In the embodiments described herein, the target spray quantity Q* of the headers 18A and 18B can be established so as to provide an oxygen concentration of about 12% or less, preferably about 8% or less in the molten iron ladles 5A and 5B, and the pressure and flow rate of the water feed system 38 can be controlled so as to maintain the target spray quantity Q*. However, the controlling method is not limited to this. Oxygen concentration in the molten iron ladles 5A and 5B may be directly measured by an oxygen analyzer, and the flow rate and pressure of the water feed system 38 may be feedback-controlled to provide an oxygen concentration of about 12% or less, preferably about 8% or less. Due to this feedback control, oxygen concentration inside a vessel or at a molten iron surface can be indispensably controlled. It is preferable to arrange the oxygen analyzer without dipping its detecting end into a molten iron surface. For instance, it is preferable to arrange it with mobility at about 1 m above the molten metal surface or to fix it at about 1 m above the maximum molten metal surface height. In this case, oxygen concentration is set at, for instance, about 12% or less, or about 8% or less, and the spraying of water or water mist is intensified when the oxygen concentration is higher than the set level. When the oxygen concentration is lower than the set level, the injection of unnecessary water can be prevented by restraining the spraying of water or water mist, and both efficiency and safety are achieved.

Moreover, the water feed system 38 and the purge system 41 are automatically controlled at the water feed switches 45 and 46 by an operator in certain embodiments disclosed. However, the automatic control is not limited to this. The water feed system 38 and the purge system 41 may be automatically controlled before the beginning of pouring molten iron by detecting the beginning of pouring molten metal from the torpedo cars 2A and 2B or by detecting the pouring instructions of a control system. Furthermore, the water feed system 38 or the purge system 41 may be controlled by the manual control of an operator. Additionally, an operator may only partially manually operate the controller in the embodiments. On the contrary, prescribed manual controls may be changed to controller controls.

In certain embodiments disclosed herein, the solenoid opening/closing valve 36 is opened immediately after the pump 33 of the water feed system 38 starts operating to begin feeding water. However, the method is not limited to this. Water feed may start by opening the solenoid opening/closing valve 36 when water feed pressure reaches a predetermined set level or higher. Thus, water dripping at the beginning of water feed into the water spray device 13 can be indispensably prevented even when the supply of gas is not smooth. In order to do this, for instance, the pressure control valve 37 is provided at the upstream side of the solenoid opening/closing valve 36. At the same time, the flow meter 47 and the pressure gage 48 are arranged between the pressure control valve 37 and the solenoid opening/closing valve 36. When water feed pressure measured by the pressure gage 48 reaches a predetermined level or higher, the solenoid opening/closing valve 36 may be opened to start feeding water. Predetermined water feed pressure is different, depending on the specifications of available equipment. However, any operative pressure is applicable as long as water dripping onto equipment can be prevented.
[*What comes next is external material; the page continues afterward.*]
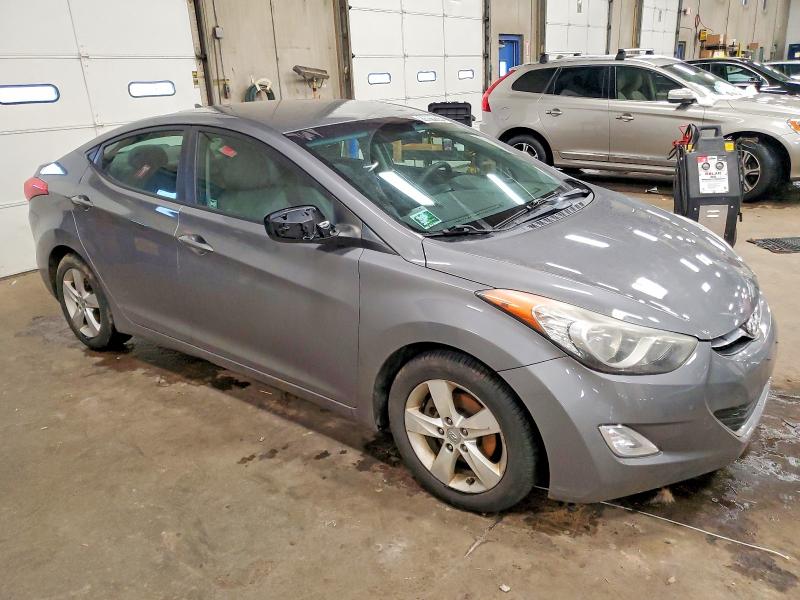 Aukcja sprzedaży 2012 Hyundai Elantra, vin: 5NPDH4AE2CH064415, numer aukcji: 99786865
Although molten iron and molten steel are described in the embodiments, the method of the present invention in which water or water mist spray is used while preventing steam explosion, is effective for other molten metals. Any molten metal containing C can be prevented from generating fume dust, in particular, that is generated by the "bubble burst" phenomenon.

EXAMPLE

The apparatus show in FIG. 1 to FIG. 5, having the controller programmed according to the procedure shown in FIG. 7, was used to prevent fume dust. An operator turned the water feed switch 45 or 46 before the beginning of pouring molten steel from the torpedo car to the ladle. Thus, oxygen concentration in the ladle was lowered about 12% or less before pouring. The prescribed time T2 was set for a sufficient time to wait the beginning of pouring molten steel.

Water spray guantity Q* was set according to the formula 2, to keep the oxygen content in the ladle at 8% or less during pouring. Spray nozzle was designed to keep average water particle size to 740 μm in accordance with formula 1. In formula 1, the distance L was selected as minimum value while the spray was fixed during pouring.

By this method and apparatus, fume dust was visually avoided, which means fume dust was reduced to about 10 mmg/Nm3 or less. Thus, damage to environment was avoided, and a dust collector system for fume dust has been successfully omitted.

As explained above, the present invention can reduce fume dust to about ⅓ or less in comparison with fume dust generated when oxygen concentration exceeds about 12%, by controlling the spray amount of water or water mist into the vessel while molten metal such as molten iron and molten steel is being poured into the vessel such as a ladle. Thus, oxygen concentration is set low enough to restrain or prevent fume dust caused by bubble burst in a vessel, for instance, the oxygen concentration of about 12% or less. Moreover, the present invention can cut costs significantly in comparison with the method in which an inactive gas is directly blown. Without oxygen deficiency due to inactive gas overflowing from a vessel during the application of inactive gas, a preferable working environment may be provided. Furthermore, as excessive use of water can be avoided, safety improves, lessening operational burden and chance of steam explosion.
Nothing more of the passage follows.